Die Besetzung des Audimax an der Uni Wien. sAgd/Flickr.com

«Hurra, die Uni brennt!»

Was mit Besetzungen an Österreichs Unis begann, hat sich zu einem europaweiten Studierendenprotest gegen Bildungsabbau und Bologna entwickelt. Auch in der Schweiz regt sich Widerstand.

25. November 2009

«Dieser Hörsaal ist befreit», tönte es erstmals Ende Oktober aus dem Audimax der Uni Wien. Hunderte Studierende besetzen die grösste Universität Österreichs, um gegen bildungspolitische Missstände und die Ökonomisierung der Lehre zu protestieren. «Die Spontanität von Spontis ist immer recht enden wollend», spöttelt Österreichs Wissenschaftsminister Johannes Hahn, als er vom Protest erfährt.

Inzwischen haben sich die Studierendenproteste jedoch auf ganz Europa ausgeweitet. Die Wiener Organisatoren sprechen von 50 besetzten Universitäten unter anderem in Österreich, Deutschland, England, Italien, Polen, Serbien und Albanien. Auch die Schweiz wurde von der Protestwelle erfasst. In Basel, Bern und in Zürich rollten Studierende ihre Schlafsäcke aus. «Wir sind mit anderen Unis international sehr stark vernetzt. Die Kommunikation funktioniert dabei über Facebook, E-Mail und Skype», erklärt Lisa, eine der Organisatorinnen der Proteste in Wien.

Zelebrierte Anarchie

Bemerkenswert an dieser länderübergreifenden Bewegung ist, dass sie weder von gewählten Studierendenvertretern noch von politischen Parteien getragen wird. Die Organisation folgt basisdemokratischen Prinzipien: «Nur was im Plenum abgestimmt wird und von den Studierenden eine Mehrheit erhält, ist offizielle Position», so Lisa, «der Ablauf der Plenarsitzungen wird von einer AG geplant, die nach aussen komplett offen ist, jeder kann dabei mitmachen.» Diese Offenheit der Protestbewegung wird auch von den übrigen Studierenden begrüsst: «Was ich richtig gut finde, ist die Organisation, die ohne Hierarchien funktioniert. Es gibt keine Wortführer oder ähnliches und die Moderation des Plenums wird von unterschiedlichen Leuten geführt», meint Lena, die in Wien Gender Studies studiert.

Die Forderungen der Besetzer variieren von Uni zu Uni.
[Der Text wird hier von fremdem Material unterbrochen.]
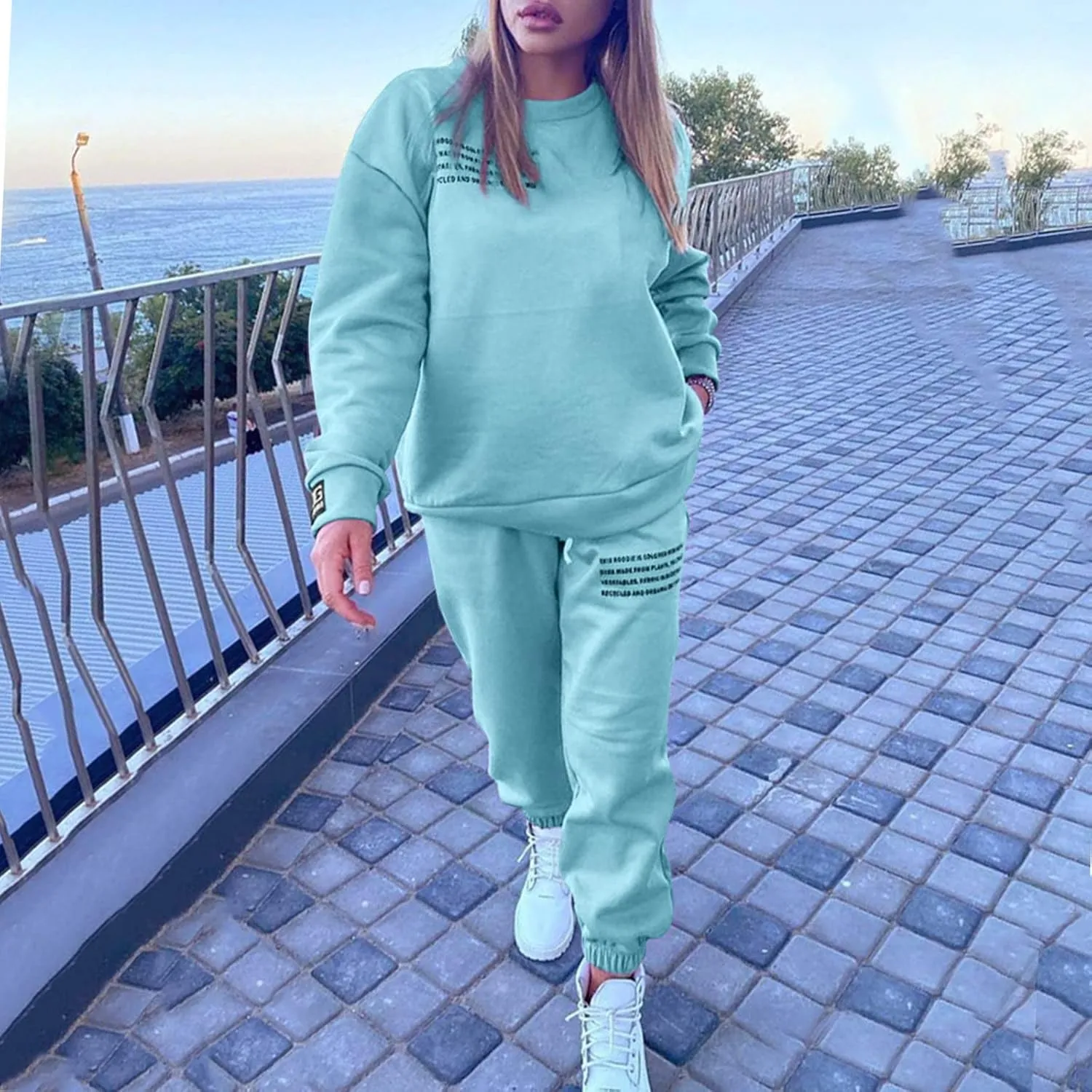 Womens 2 Piece Outfits Hoodie Sweatsuit Sets Oversized Sweatshirt Baggy Fall Fashion Sweatpants with Pockets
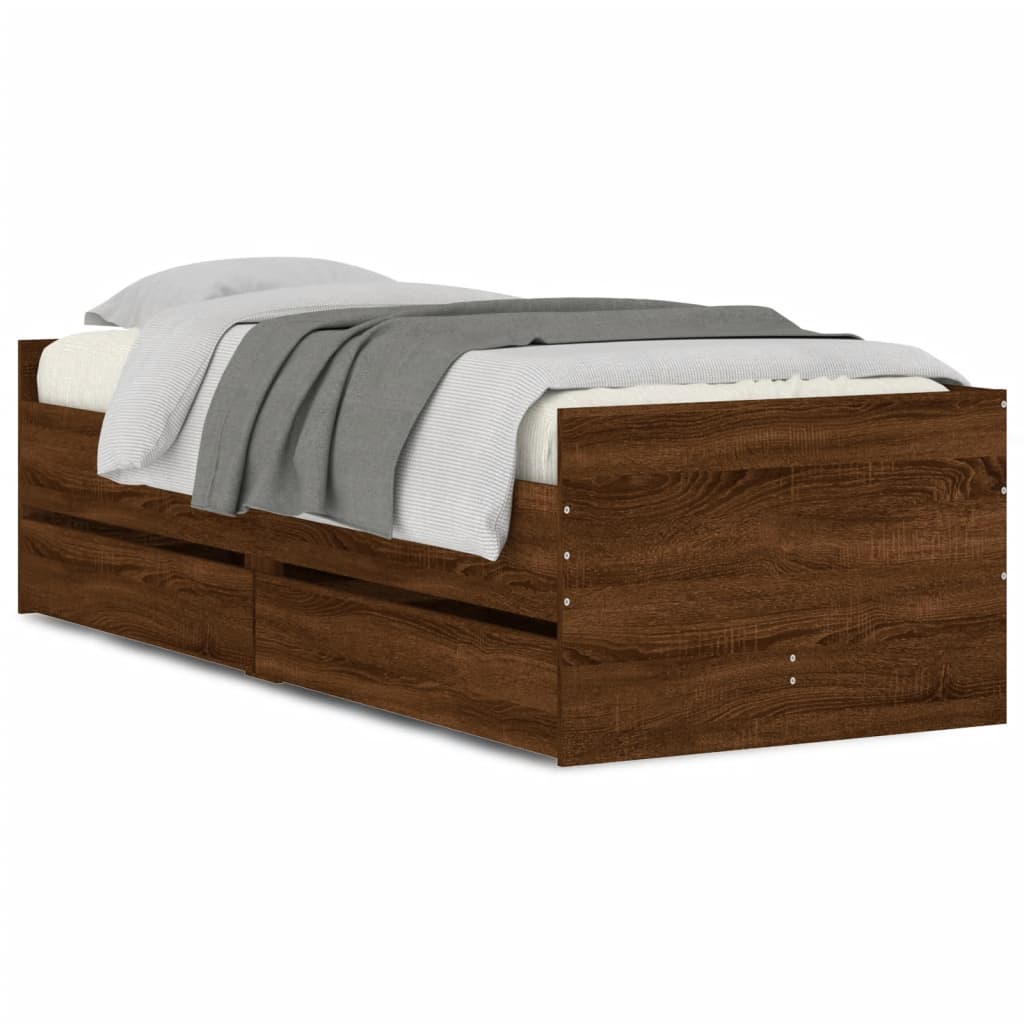 vidaXL Cadre de lit avec tiroirs sans matelas chêne marron 90x190 cm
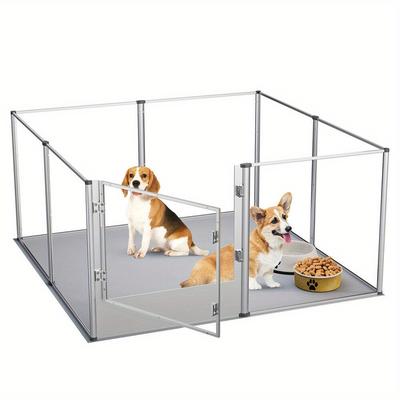 TEMU Heavy Duty Pet Clear Exercise Acrylic Dog Playpen Fence Play Pen Whelping Box With Waterproof Pad For Cats, Puppies, Rabbits, Guinea Pig Image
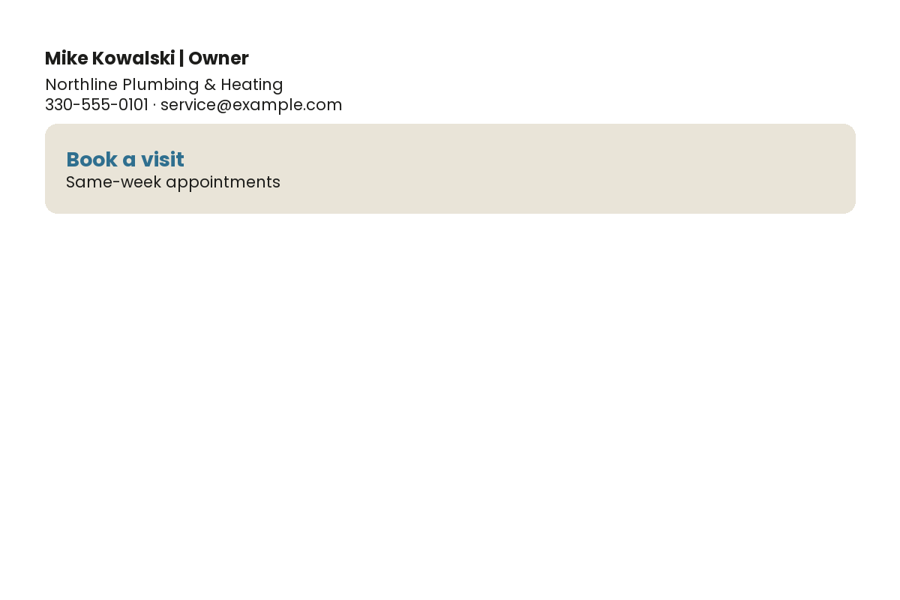 Sample email signature made for a made-up business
Gemeinsam ist ihnen jedoch die Kritik am Bologna-System, dass den Protestierenden zufolge die Verschulung des Studiums fördert und zu sehr nach privatwirtschaftlichen Interessen ausgerichtet ist. Die Uni Zürich fordert konkret die Abschaffung der Anwesenheitspflicht bei Lehrveranstaltungen, das Stimmrecht aller betroffenen Stände im Unirat und einen Ausbau des Stipendiensystems. Ein Ende der Besetzung ist zumindest in Wien noch nicht in Sicht. Das liegt vor allem am Engagement der Studierenden, die ihre Rolle als Besetzer durchaus ernst nehmen: «Es wird wirklich ein Programm geboten, so gibt es Filmvorführungen, Vorträge und die Arbeit in den Arbeitsgruppen. Zudem werden Schlafplätze und die Verpflegung gut organisiert», erzählt Lena. Erste Erfolge konnte man auch schon erzielen. So stellte Minister Hahn den Universitäten in einer Art Beschwichtigungsgeste zusätzliche 34 Millionen Euro zur Verfügung und lädt Ende November zu einem österreichischen Hochschuldialog. Ob es in der Schweiz zu ähnlichen Entwicklungen kommen könnte, ist noch nicht absehbar. Mit der Kürzung von Stipendien und der möglichen Erhöhung der Studiengebühren ist aber auch für die Schweizer Studierenden genug Protestpotential vorhanden.